=== Section Start ===

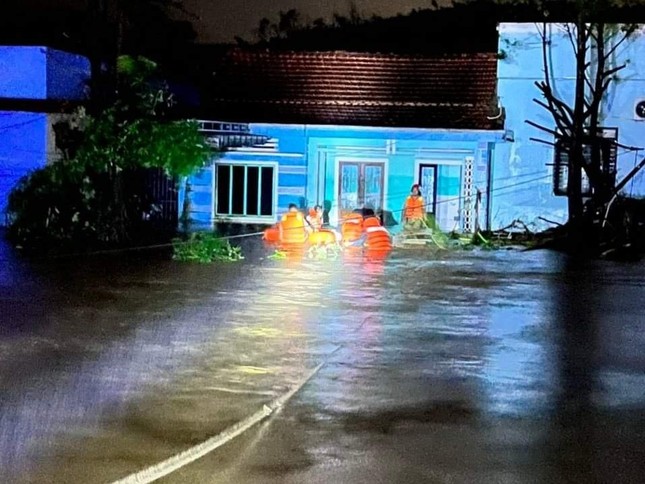 Căng dây giải cứu người dân Đà Nẵng giữa dòng nước dữ trong đêm ảnh 4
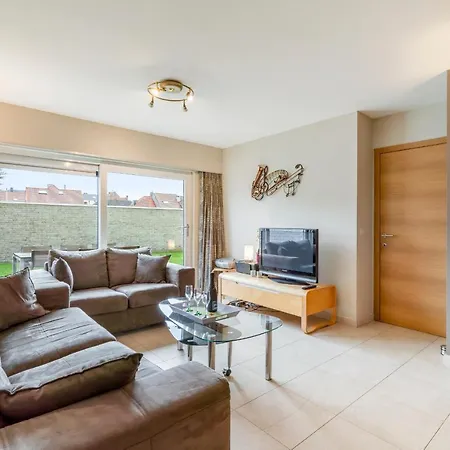 Apartment Luxury With Garden Close To The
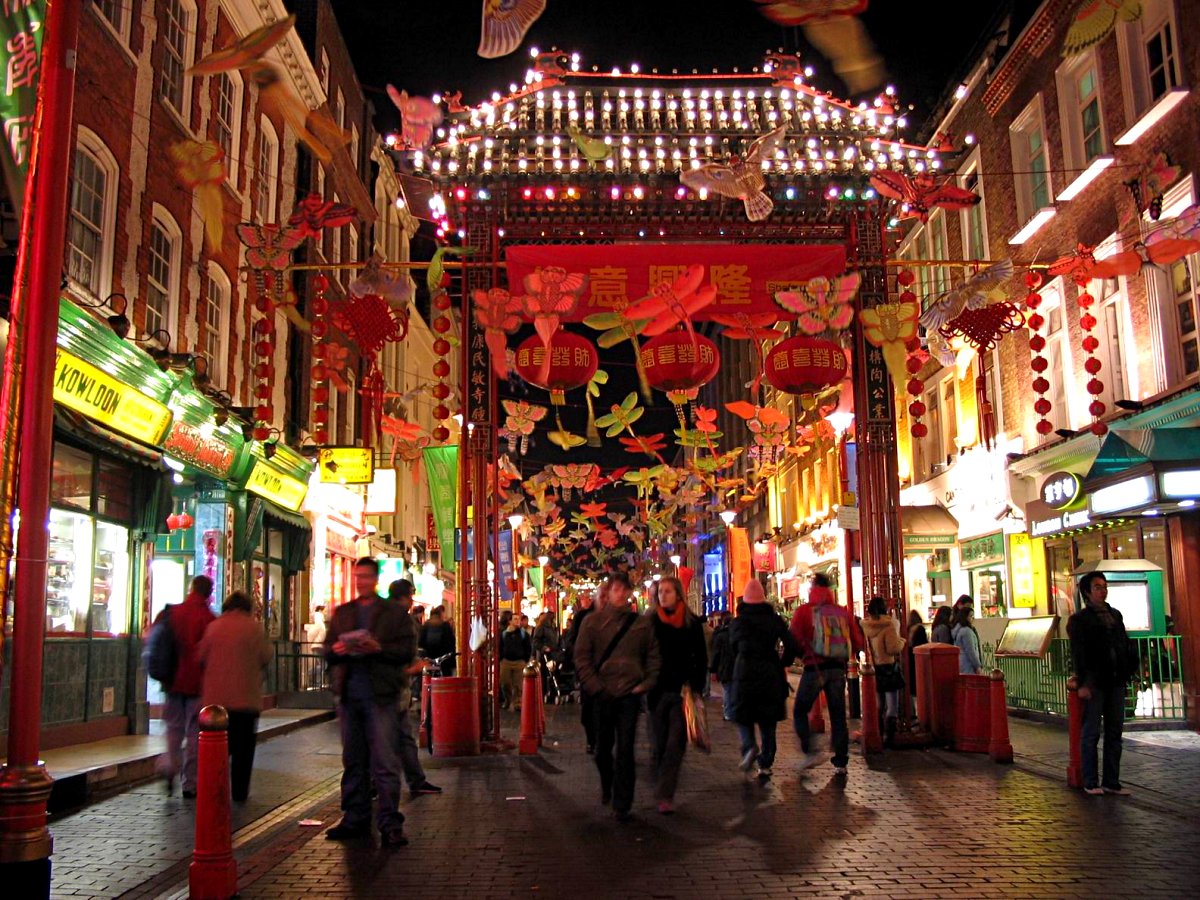 唐人街張燈結彩 留學生倫敦見證威廉婚禮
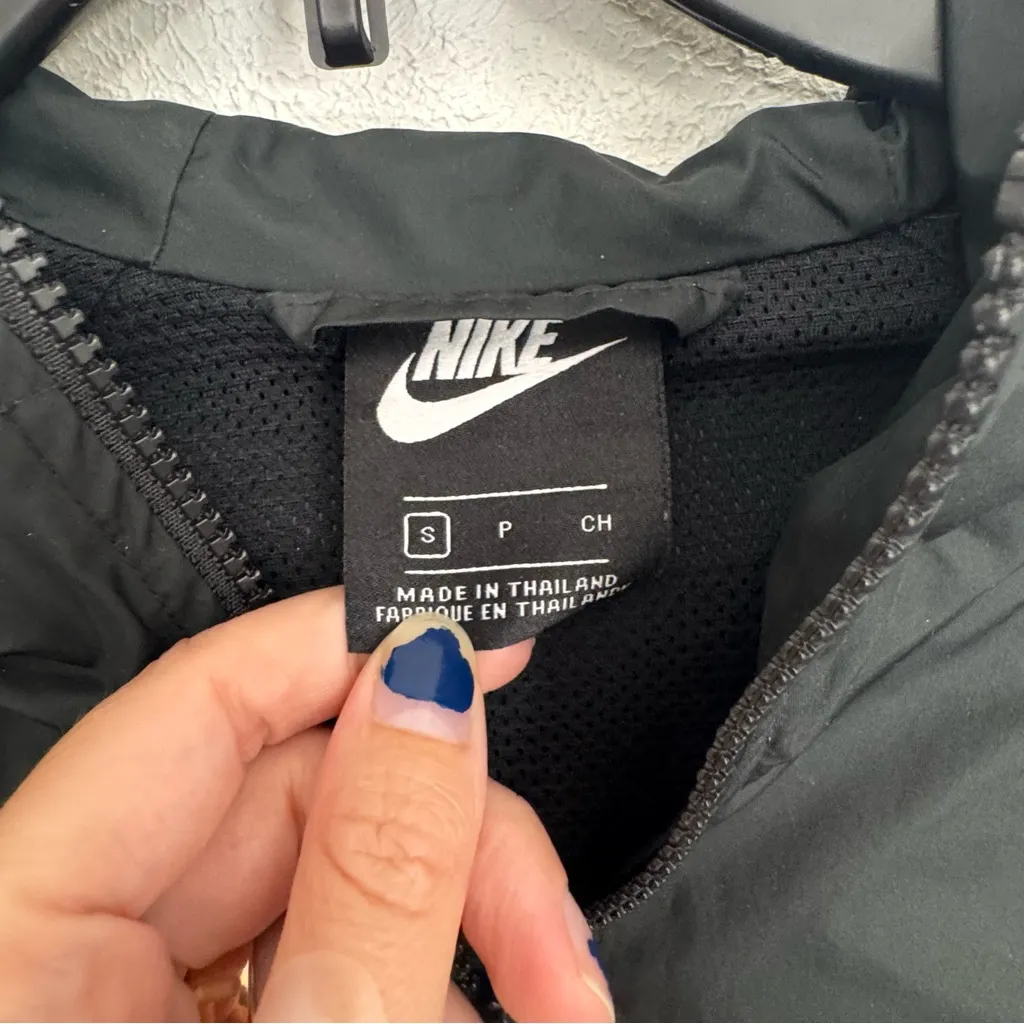 Nike  Sportswear Windrunner Zip Up Black Jacket Size Small - Image 6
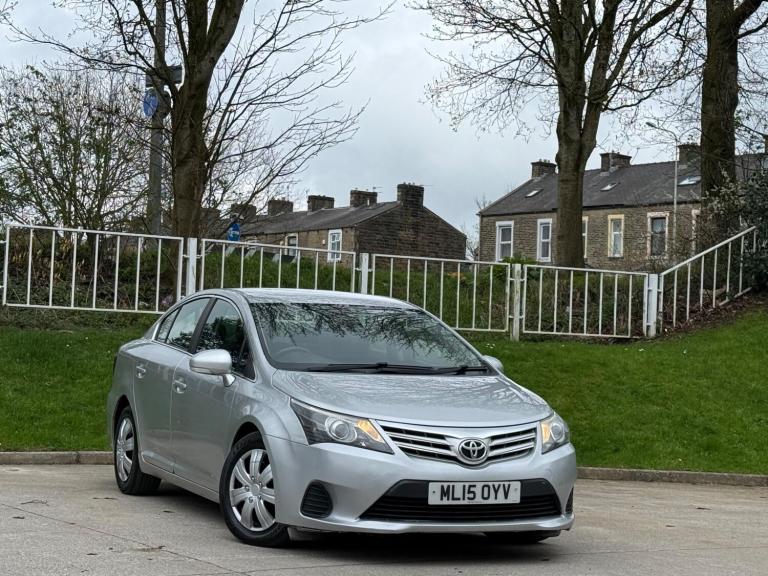  Toyota Avensis 2.0 D-4D Active Euro 5 4dr Diesel Manual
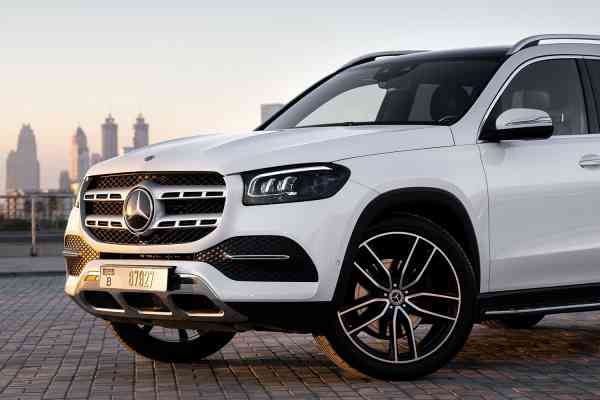 Белый 7-местный Mercedes-Benz GLS450 доступен в аренду в Дубае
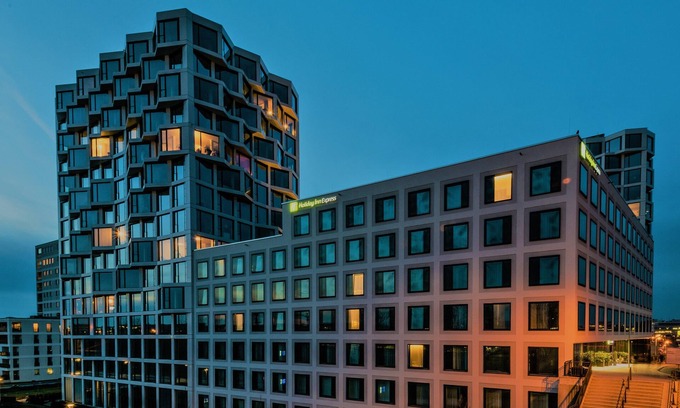 Neuhausen - Nymphenburg Hotel | Holiday Inn Express Munich City West by IHG
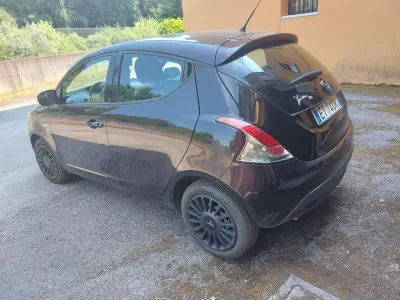 Usata Lancia Ypsilon 69 CV (50 kW) 2013 Utilitaria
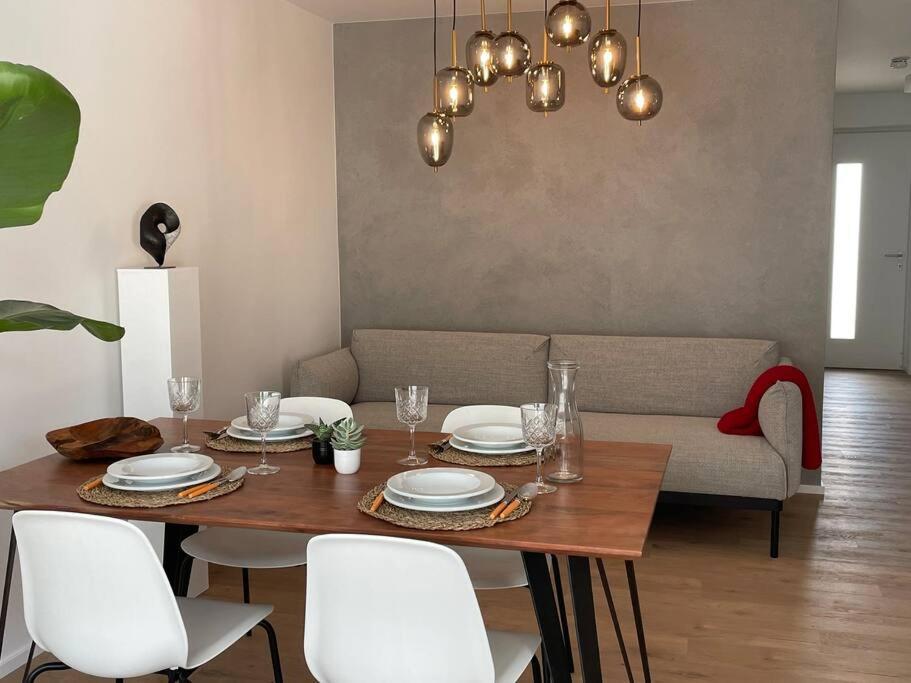 Alma - Art Luxus Modern Ambiente Apartment Karlsruhe
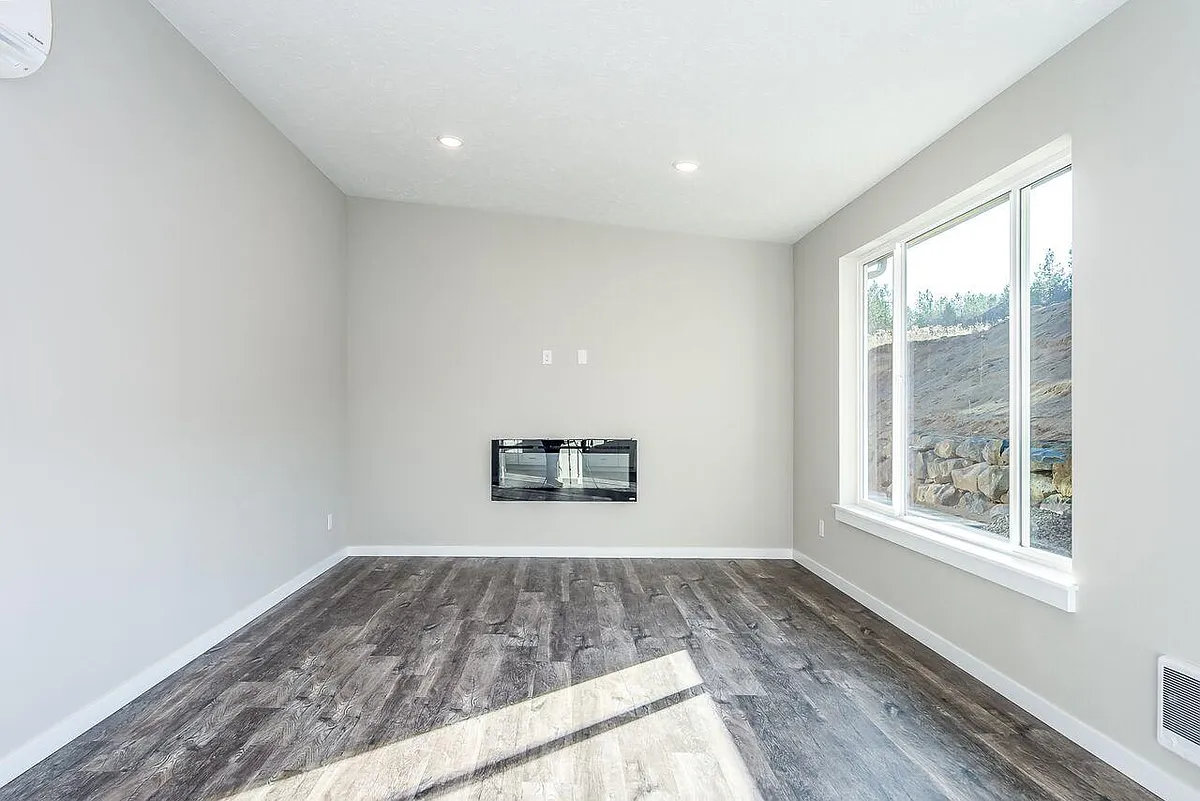 Building Photo - 1626 S Nettleton Ln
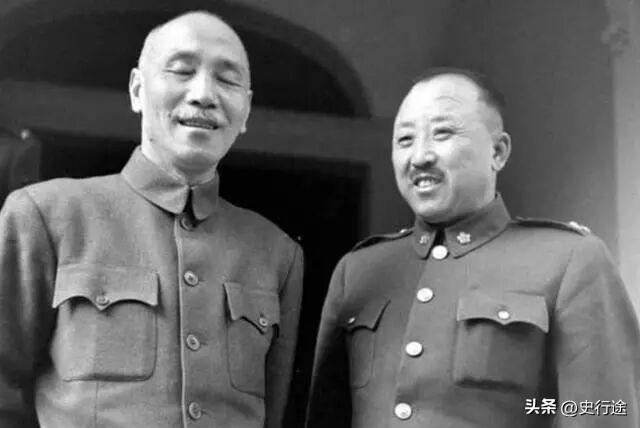 1949年除夕凌晨，被蒋介石幽禁已久的卫立煌终于等到了那个空当。
看守他的特务回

=== Section End ===

Exercise instructions: Reproduce exactly the lines from the one with "Building Photo - 1626 S Nettleton Ln" to the bottom of the listing, both ends included, and nothing else. Skip the pictures.

Response below:
 Building Photo - 1626 S Nettleton Ln
 1949年除夕凌晨，被蒋介石幽禁已久的卫立煌终于等到了那个空当。
看守他的特务回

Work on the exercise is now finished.